Member of Parliament Koboko Municipality
- Incumbent
- Assumed office 18 May 2021
- Preceded by: Evelyn Anite

Personal details
- Born: 5 March 1985 (age 41) Koboko, Uganda
- Party: NRM
- Parent: Francis Ayume (father) Elizabeth Ayume (mother)
- Occupation: Medical doctor, politician

= Charles Ayume =

Ugandan politician (born 1985)

Charles Ayume (born 5 March 1985) is a Ugandan medical doctor and politician. He is a member of the Ugandan Parliament representing Koboko Municipality, Koboko district in the 11th Parliament of Uganda on the ticket of the National Resistance Movement (NRM).

== Political career ==
Ayume ran in the NRM primary election against the incumbent MP and the State Minister of Finance Evelyn Anite, a strong supporter of President Yoweri Museveni.
==Clashes with the police==
During the campaign for the primary election, Ayume's supporters and the police clashed after the police attempted to stop Ayume's campaign rally in an enforcement of COVID-19 guidelines. His supporters accused the police of bias in favour of his opponent, Anite, who held a campaign rally the previous day without disruption and went on to deface Anite's campaign posters. Ayume won the party's nomination with 8089 votes, defeating Anite, who polled 7321 to run in the general election. He won the general election and was sworn in on 17 May 2021, one month after the day his father, who had previously occupied the seat, died 17 years earlier on 17 April 2004.

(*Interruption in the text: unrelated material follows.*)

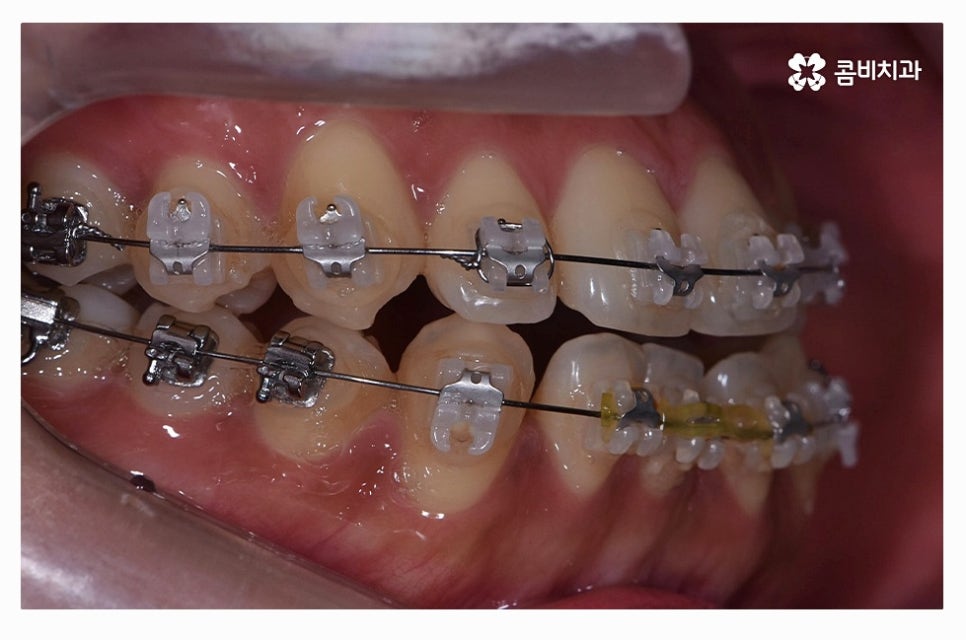덧니교정 정교하게 따져보려면 관련 이미지 8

Ayume served as chairperson of the health committee of Parliament.

== Personal life ==
His father, Francis Ayume, was a lawyer, politician and a member of Ugandan Parliament who occupied Koboko Municipality seat and was the speaker from 1998 to 2001 during the sixth parliament which was in session from 1996 to 2001. He served as attorney general until his death in an auto crash in 2004. Charles studied medicine and qualified to practice in 2004, the same year his father died.